Mais le militant de la CSN interviewé par l'Étoile du Nord ne croit pas que la majorité se laisse prendre à leur jeu. « Le discours public d'Amazon, tout le monde sait que c'est de la bouette. La population générale sait que les conditions de travail chez Amazon, c'est de la marde. Et il n'y a pas un employé d'Amazon qui croit à ce discours-là, à part les gestionnaires, pis même là! »
Il souligne que les conditions de travail offertes par Amazon ne résistent pas à la comparaison avec les emplois syndiqués dans le même secteur. « Même avec des salaires et des conditions de travail équivalentes, un syndicat, c'est aussi se faire respecter et avoir un pouvoir dans ton milieu de travail. Dans un endroit non syndiqué, le patron peut complètement changer les conditions de travail du jour au lendemain, et t'as rien à dire. Quand t'es syndiqué, ils peuvent pas. »
Il explique également que pour Amazon, la perspective de perdre sa « flexibilité » est encore plus inquiétante que d'offrir de meilleurs salaires. « C'est une question de pouvoir, parce qu'ils ne pourront plus contrôler le travail et les travailleurs comme ils veulent. Ils essaient de donner l'impression que ça ne les dérange pas, mais en même temps, ils sont en lutte ouverte contre le syndicat. »
Enfin, il croit que cette recherche de « flexibilité » n'est pas un phénomène isolé. « La loi 15 dans la santé, le projet de loi 51 en construction, c'est des réformes qui sont mises de l'avant pour que les employeurs aient plus de 'flexibilité' à diviser les tâches, à gérer le personnel comme ils veulent, et cetera.
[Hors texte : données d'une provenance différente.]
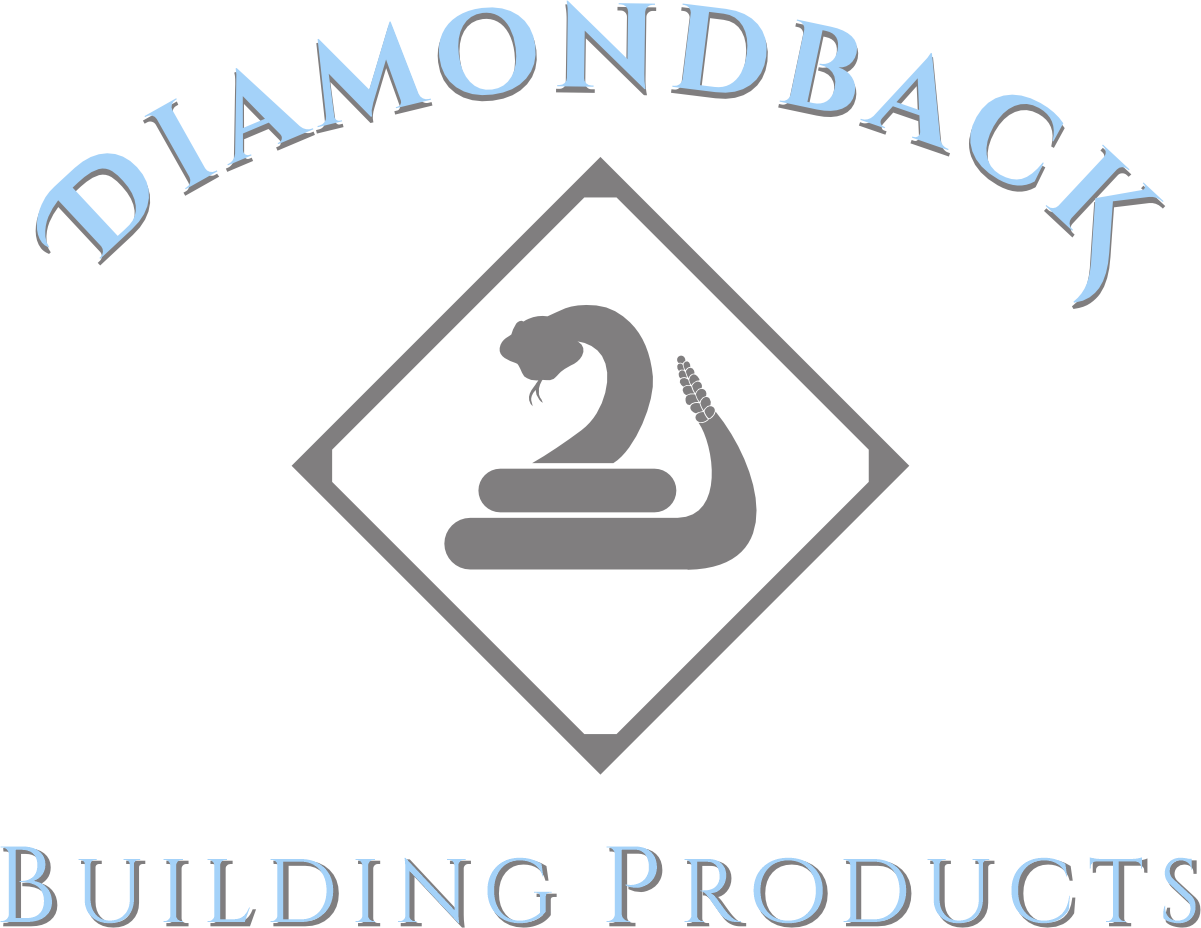 Diamondback Building Products logo: a grey snake in a diamond, with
Pourquoi? Pour être plus productif, pour faire plus d'argent, pour baisser les coûts. C'est possible de combattre ça, et il faut le faire. »
Malgré les contestations d'Amazon, cette accréditation syndicale marque un tournant dans la lutte pour les droits des travailleurs chez Amazon.
« On est tous fiers de tout ce qu'on a fait. On est entré dans un mouvement qui est beaucoup plus grand que juste notre petit entrepôt. En Europe, il y a des gens qui font ça, aux États-Unis aussi. Mais on est surtout enthousiastes de continuer le travail. C'est comme un élan d'énergie pour continuer, parce que c'est loin d'être une finalité tout ça. On continue. On veut en syndiquer d'autres. Il faut montrer sur le plancher que le syndicat, ça change des affaires. On se retrousse les manches et on va se remettre au travail. On n'a pas de temps pour s'asseoir sur nos lauriers », conclut le militant.